Q4 FY25: Power Exchange Liquidity Rises 36%, Electricity Vol to Grow 19%

Q4 FY25: Power Exchange Liquidity Rises 36%, Electricity Vol to Grow 19% CERC Grants PXIL Extra Time To Comply With Power Exchange Norms

IN an analyst call after its Q4 results , the Indian Energy Exchange (IEX) shared that on the power sector front, electricity consumption during Q4 FY ’24 recorded 415 billion units, which is an increase of 3.7% on a year-on-year basis. States such as UP, Maharashtra, Gujarat, MP, Rajasthan, Karnataka, and Tamil Nadu remained drivers of demand during this quarter, said Rohit Bajaj, Joint Managing Director – Indian Energy Exchange (IEX).

He further hoped that, “policy measures undertaken by the government and regulators to ease supply-side liquidity is expected to further rationalize power prices on the exchanges. We concluded FY ’25 with almost 19% growth in electricity volume and remain optimistic about what lies ahead to be able to grow further in the coming year.

FY ’25

On the Earnings Conference call, he said, “In FY ’25, India added a record 34 GW power capacity, led by 29.5 GW of renewable energy. India’s total installed renewable capacity now stands at nearly 220 gigawatts. The government’s target is to achieve 500 gigawatts of renewable capacity by 2030. This energy transition would also require efficient integration with the grid. IEX expects 40 GW of renewable power to be added in Fy26. 

Rise In Sell-Side Liquidity 

Further sharing the latest numbers in the energy exchange growth, he said, “On the exchange front, sell-side liquidity increased by 23.5% on a year-on-year basis in Q4 FY ’25 and by nearly 36% throughout FY ’25 compared with FY ’24. The average market clearing price in the DAM segment during the Q4 FY ’25 period was INR4.43 per unit as compared to INR 4.88 per unit in Q4 FY ’24. This is a decline of 9% on a year-on-year basis. During the year, DAM prices declined from INR5.25 per unit in FY ’24 to INR4.47 per unit in FY ’25. That is a fall of nearly 15% over the year. 

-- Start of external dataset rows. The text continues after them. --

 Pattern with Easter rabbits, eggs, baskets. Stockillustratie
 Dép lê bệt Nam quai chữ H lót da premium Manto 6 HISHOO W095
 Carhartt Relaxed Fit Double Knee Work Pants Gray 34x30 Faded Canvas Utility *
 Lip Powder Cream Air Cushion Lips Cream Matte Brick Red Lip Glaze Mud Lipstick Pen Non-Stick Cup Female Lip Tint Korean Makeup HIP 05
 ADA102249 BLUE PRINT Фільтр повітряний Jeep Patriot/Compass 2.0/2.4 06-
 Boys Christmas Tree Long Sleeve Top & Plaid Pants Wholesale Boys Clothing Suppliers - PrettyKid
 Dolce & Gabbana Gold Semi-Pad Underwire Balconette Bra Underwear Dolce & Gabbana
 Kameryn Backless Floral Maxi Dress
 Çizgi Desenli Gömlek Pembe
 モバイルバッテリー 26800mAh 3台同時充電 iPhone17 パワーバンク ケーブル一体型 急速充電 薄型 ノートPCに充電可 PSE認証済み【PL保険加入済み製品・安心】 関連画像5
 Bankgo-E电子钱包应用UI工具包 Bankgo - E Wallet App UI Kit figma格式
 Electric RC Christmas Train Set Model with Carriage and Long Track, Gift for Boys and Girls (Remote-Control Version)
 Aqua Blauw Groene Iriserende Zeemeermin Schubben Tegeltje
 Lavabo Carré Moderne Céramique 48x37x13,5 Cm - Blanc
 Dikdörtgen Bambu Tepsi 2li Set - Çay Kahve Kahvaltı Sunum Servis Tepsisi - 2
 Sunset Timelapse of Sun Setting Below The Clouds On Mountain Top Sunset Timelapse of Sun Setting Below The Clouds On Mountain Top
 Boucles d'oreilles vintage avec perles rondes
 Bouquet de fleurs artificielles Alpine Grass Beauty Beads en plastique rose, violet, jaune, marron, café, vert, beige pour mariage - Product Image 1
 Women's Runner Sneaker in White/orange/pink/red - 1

Giving a holistic picture he said, “The overall short-term market in India remains stable. According to data from CERC up till December 2024, the short-term market accounted for 15% of the country’s generation in FY ’25, similar to the number in FY ’24. However, within the short-term market, the share of power exchanges has grown to 9% of overall generation from 7% in FY ’24. This is an encouraging trend and points towards the crucial role exchanges are playing in the power market.” 

BESS

On the battery energy storage side he shared, “To develop Battery Energy Storage System, BESS, the government has implemented the viability gap funding mechanism, which provides up to 30% of the capital cost for various BESS projects. Under this proposed model, BESS-based storage of 9 gigawatts is to be made available by 2027 and eventually scaled to 47 gigawatts by FY ’32.”

Business Performance 

In terms of business performance, IEX traded 31.7 billion units of electricity volume during Q4 FY ’25, the highest ever electricity volume traded on a quarterly basis, recording a growth of 18% on a year-on-year basis.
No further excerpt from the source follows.